O gestor afirma que se o desbloqueio do orçamento de custeio não for feito até o dia 15 deste mês, serviços essenciais como limpeza e vigilância serão comprometidos, e levarão a reitoria a discutir a execução de um plano de emergência para que a universidade continue funcionando.

Em junho deste ano, em razão do contingenciamento definido pelo ministro Abraham Weintraub, o Conselho Superior de Administração (Consad) da Unifesspa teve de cortar cerca de 200 ações previstas no Plano de Gestão Orçamentária (PGO) de 2019. Entre elas, segundo o reitor Maurílio, estão “a compra de livros para o acervo bibliográfico, aquisição de materiais, mobiliário e equipamentos para laboratórios de ensino e pesquisa, apoio a eventos acadêmicos e programas de pós-graduação, além de outras ações que envolviam a melhoria das estruturas prediais”.

O primeiro encaminhamento da Coordenação da Administração Superior (CAS), liderada pelo reitor, no momento em que foram instituídas as limitações, foi definir a liberação do pagamento das despesas de agosto, relativas às 68 ações essenciais que foram mantidas pelo Conselho de Administração (Consad) da instituição. Na ocasião, foram preservadas as ações como o pagamento de bolsas de estágio, vigilância, energia elétrica, limpeza, viagens de campo e manutenções. No entanto, como até o momento não houve o desbloqueio das verbas, a administração superior da Unifesspa voltou a debater o contingenciamento e suas consequências.

“Se não houver o desbloqueio, não há orçamento para cobrir, em setembro, as despesas referentes a 15 das 68 ações mantidas. Nesse caso, seriam suspensos, por exemplo, o pagamento de bolsas estágio, vigilância, limpeza e energia, o que comprometeria as atividades cotidianas da universidade. A Unifesspa atende atualmente 5.200 estudantes de 42 cursos de graduação e 12 de mestrado, distribuídos em cinco campi: Marabá, São Félix do Xingu, Santana do Araguaia, Rondon do Pará e Xinguara. A Universidade tem apenas seis anos de existência, mas já formou cerca de 2.200 pessoas. Dos estudantes matriculados, 77% são oriundos de escolas públicas. Essas coisas precisam ser destacadas”, enfatiza o reitor.
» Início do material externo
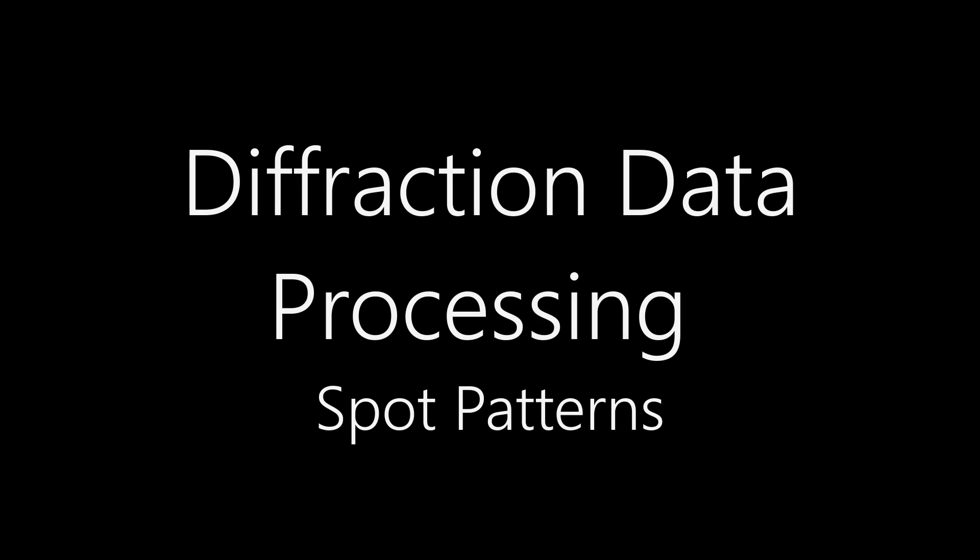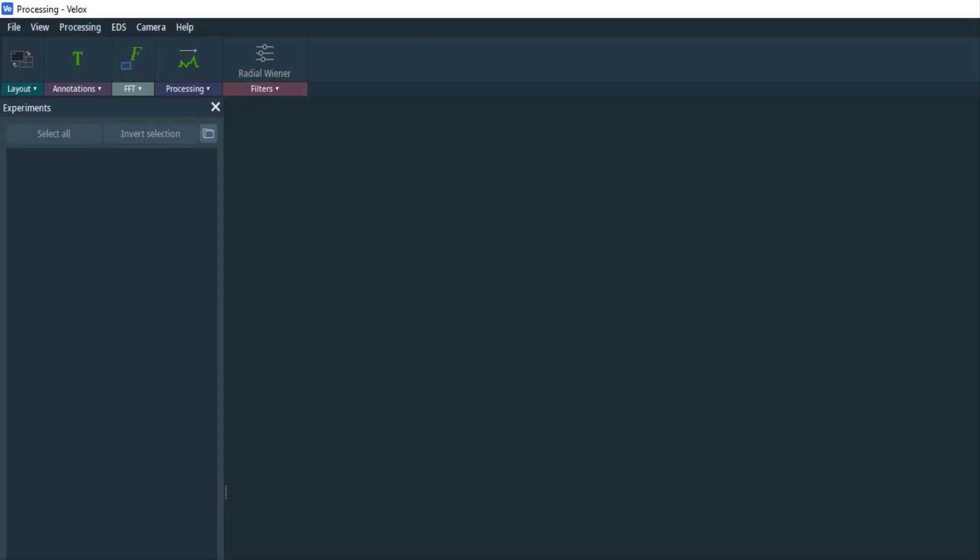In this video I'll be discussing how we process electron diffraction data from spot patterns that we obtain on the TEM. Just a heads up for the measurements, I'll be using the Thermo Fisher software VLOX. If you don't have access to VLOX you can use free software like ImageJ. The overall process I describe is the same and it's really independent of the software.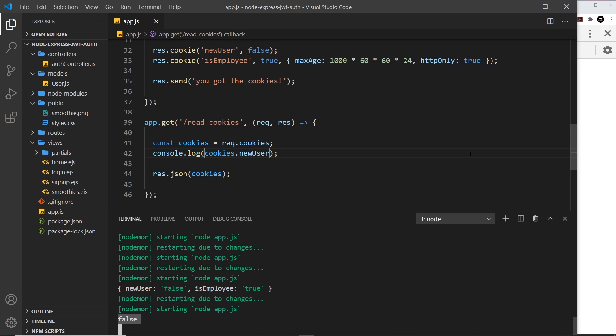So that's the basics of how cookies work, which is important to know when creating an authentication process that uses them under the hood. Next, we're going to look at how JSON Web Tokens work, which we'll be using alongside cookies to implement our authentication system.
Ainda segundo Maurílio, não havendo o desbloqueio, será preciso notificar as empresas contratadas, ainda no mês corrente, para que os serviços prestados por elas sejam descontinuados. Tal medida deve ser tomada porque, na administração pública, é imprescindível ter orçamento liberado antes que qualquer gasto seja autorizado pela União. Apenas com previsão orçamentária é possível contratar ou garantir o pagamento de despesas.
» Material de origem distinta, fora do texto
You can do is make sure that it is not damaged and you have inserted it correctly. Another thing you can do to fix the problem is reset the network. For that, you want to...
O reitor designou uma comissão responsável por organizar um plano emergencial de contingenciamento caso o dinheiro não seja liberado. Além disso, a CAS enviou relatório técnico ao MEC, apresentando a situação e solicitando a reversão dos bloqueios; a recomposição do orçamento para 2020, com valores compatíveis com número de alunos da Unifesspa; e os investimentos necessários. De acordo com Maurílio, até o momento, não houve resposta do MEC.